I only brought my plainclothes guards. Even the police were not allowed in the temple because people were already angry as they tear–gased the neighbourhood.
I said the same thing to the temple committee: “I know your prayer times.” I was studying in Malay College Kuala Kangsar where there was a temple next door. You don’t have to look at your watch. Teng! Teng! Teng! Teng! 6am. Teng! Teng! Teng! Teng! 6pm.
So I told them don’t provoke because during the Muslim prayer times they were ringing the bells even louder.
So I told them that I warned the mosque committee that I will seize the microphone. So, to the temple committee, I said if you do the same thing, I will also rampas your bells.
And what did Chandra say? That I threatened to silence all bells in Hindu temples across the nation?! It’s not true. Of course I had to sound very tough also. How do you solve the problem when they are fighting like that?
It is totally wrong what they are trying to portray me as. I am very indebted to the Indian community. They have helped me a lot. You see the Bukit Selambau fellow (Independent candidate V. Arumugan)? He said he will join PKR if I come there and hold his hand. So I did. And he won, and now he has joined Keadilan!
Terence: What is your take on the new cabinet? Some say that it is very Umno–centric.
Anwar: Ya! First I can see that there are attempts to respond to the electorate but overall it is a disappointing line–up. It is not catered for the expectations of people. There seem to be some shift in policies but then some characters tainted with corruption continue to be in office… well, these are exciting times!
“We have Chinese voting for PAS, Malays voting for DAP. The people have spoken.
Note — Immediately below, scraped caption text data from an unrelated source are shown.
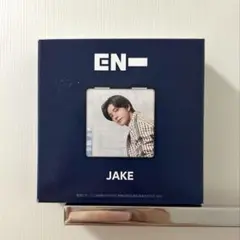 【新品未開封】ENHYPEN ジェイク コンパクト二画鏡　セガ　プライズ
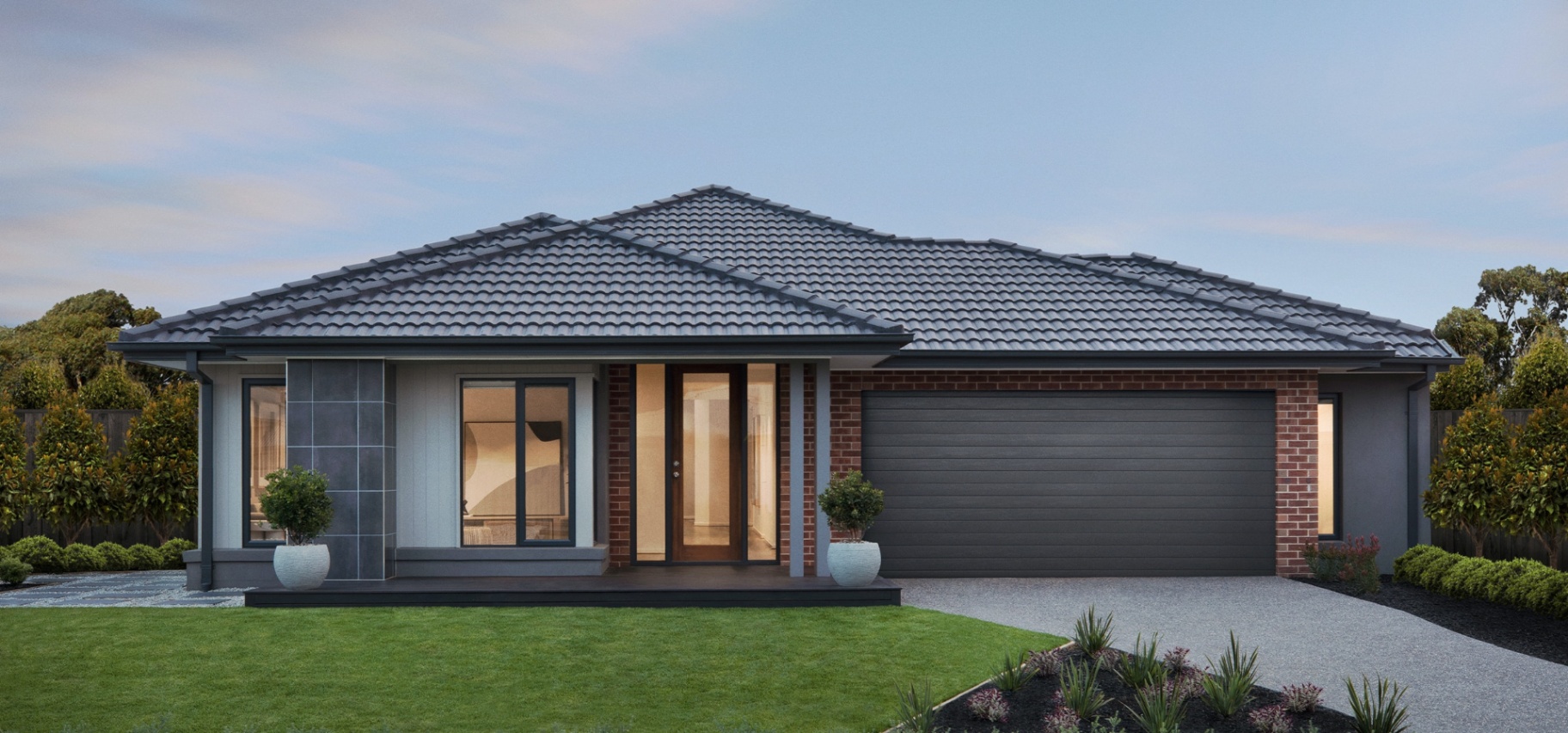 Lot 1329 Sillon Rd , Echuca, Vic, 3564 - Image 1
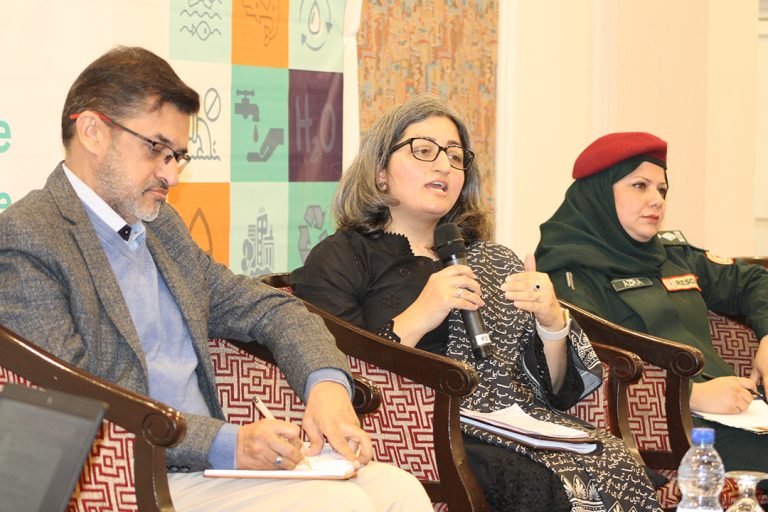 Shehersaaz - PUCCAR - Stakeholder Meeting (23)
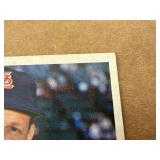 1960 Topps Stan Musial #250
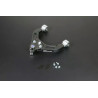 Camber kit ajustable superior eje delantero Hardrace BMW Series 5 G30, Serie 6 G32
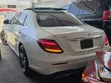 Mercedes-Benz E200 AMG Line 2019 - 2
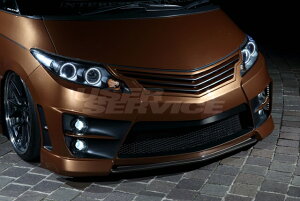 フロントグリル エスティマ 後期 カー用品の通販 価格比較 価格 Com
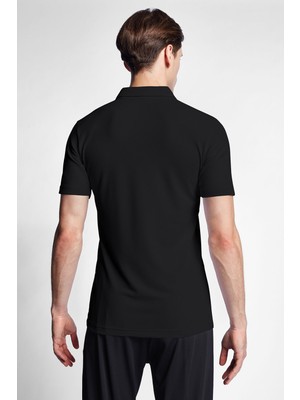 Erkek Kısa Kol Polo Yaka T-Shirt 25S-1275-25B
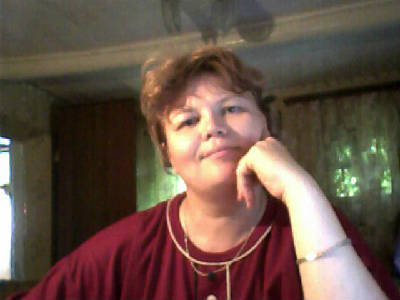 Марина Злобина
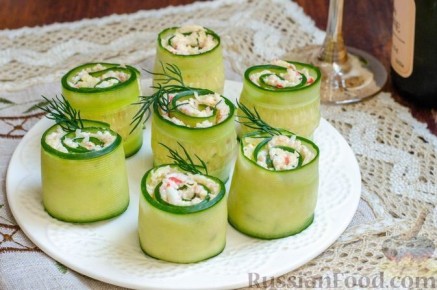 Необычные огурцы: хиты теплого сезона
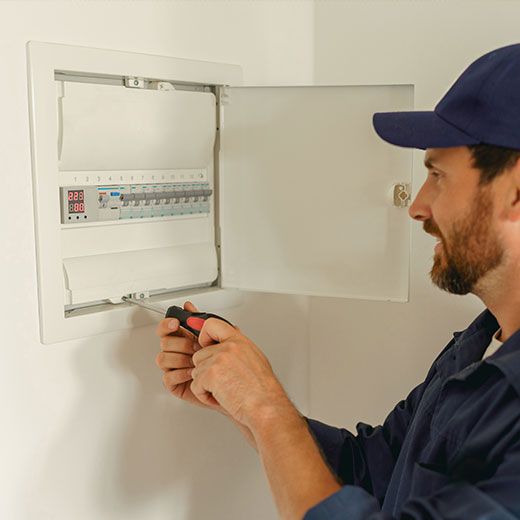 Electrical Panel & Circuit Breaker Specialists in Yellow Springs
They said look, we want a cohesive Opposition, so today, so–called contentious issues of the past, like the Islamic State and Hudud have been resolved.”
“I don’t deny that there are problems. Even within Keadilan, we have contending candidates, the DAP and PAS also have issues. But in the case of Perak, I understand the problem. PAS had the least number of seats so naturally, for DAP to take a tougher stance is quite understandable.”
“I was very confident that we will take over the whole government. We crossed the one–third mark a long time ago.”
“We had passed 48% of the popular vote. Edging about 2% a day of the shift; and they knew that. That’s why they cancelled the indelible ink.”
“That’s interesting. ‘I am a traitor to the Malays’. I have not taken one share, no taxi permit, no contract in the name of bumiputra and all those so–called champions of Malays have taken hundreds of taxi permits, APs and contracts by the hundreds of millions of ringgit.”
“Coming from a Chinese they would immediately play the racial card. It is unfair to Guan Eng, although I would have advised him not to touch on the NEP, but it was unfair to him because his words were taken out of context.”
“As long as we have a clear programme and agenda, and more importantly here and now, clearer ground rules we will be alright. No way are we going to tolerate alienation of land to your son, daughter, son–in–law. No way!”
“I warned the mosque committee that I will seize the microphone. So, to the temple committee, I said if you do the same thing, I will also rampas your bells.”